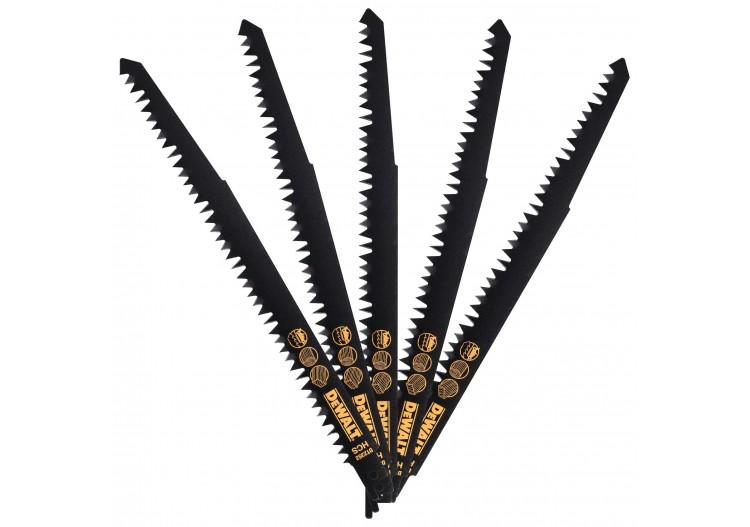 Lame de scie sabre HCS pour la coupe du bois 240mm - DT2352-QZ - Dewalt 2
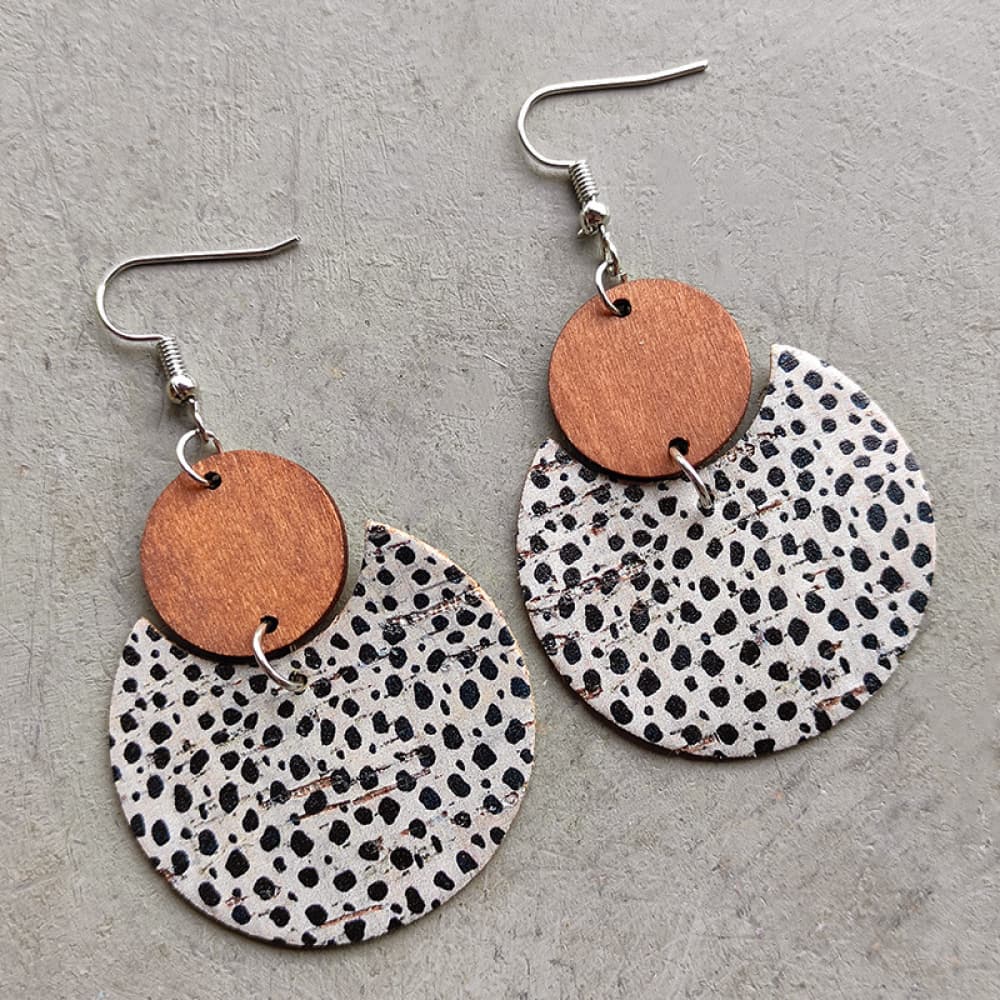 Bohemian Ms.Pac-Man Shape Dangle Earrings BLUE ZONE PLANET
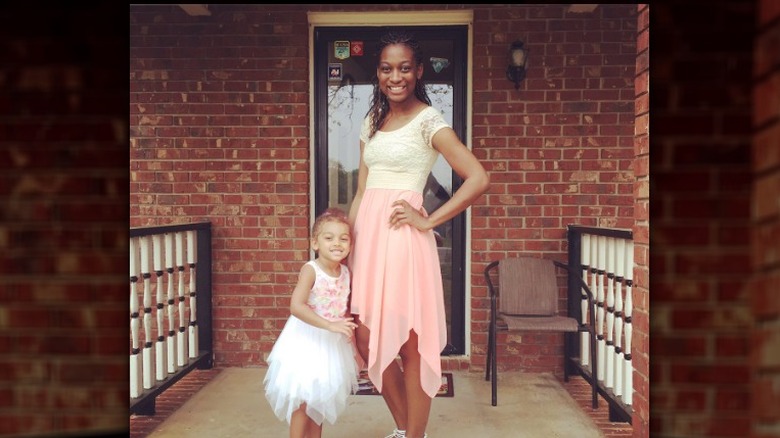 Angela Johnson and Chloe Chrisley smiling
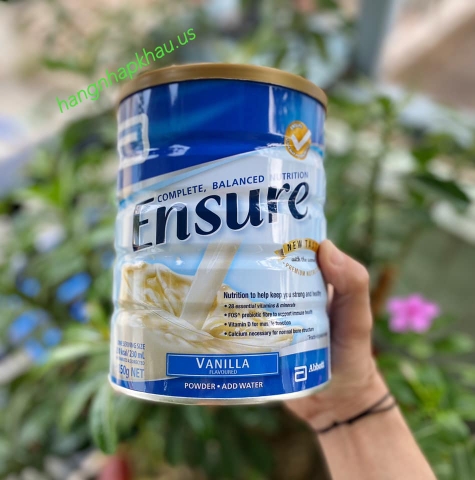 Sữa bột Ensure Vanilla Powder (850g) - MADE IN AUSTRALIA.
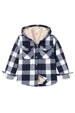 Front view of boys cozy sherpa lined  jacket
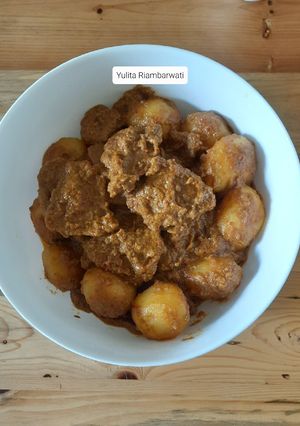 Foto resep 488. Rendang Daging Sapi dan Kentang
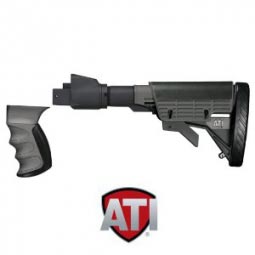 Saiga Adjustable Strikeforce Elite Stock Package by ATI, Gray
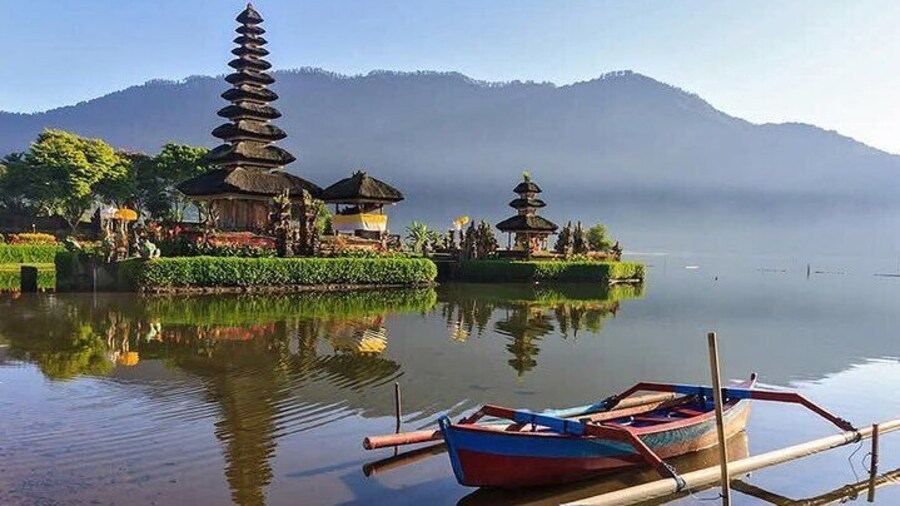 Bali Lake Bratan, Twin Lake, Jatiluwih Terrace, Hidden Waterfall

▶ [Work task]: Write out exactly, and nothing more than, the lines of the entries above from the line containing "Sữa bột Ensure" through the final line; omit any pictures.

▶ [Answer for this exercise]:
 Sữa bột Ensure Vanilla Powder (850g) - MADE IN AUSTRALIA.
 Front view of boys cozy sherpa lined  jacket
 Foto resep 488. Rendang Daging Sapi dan Kentang
 Saiga Adjustable Strikeforce Elite Stock Package by ATI, Gray
 Bali Lake Bratan, Twin Lake, Jatiluwih Terrace, Hidden Waterfall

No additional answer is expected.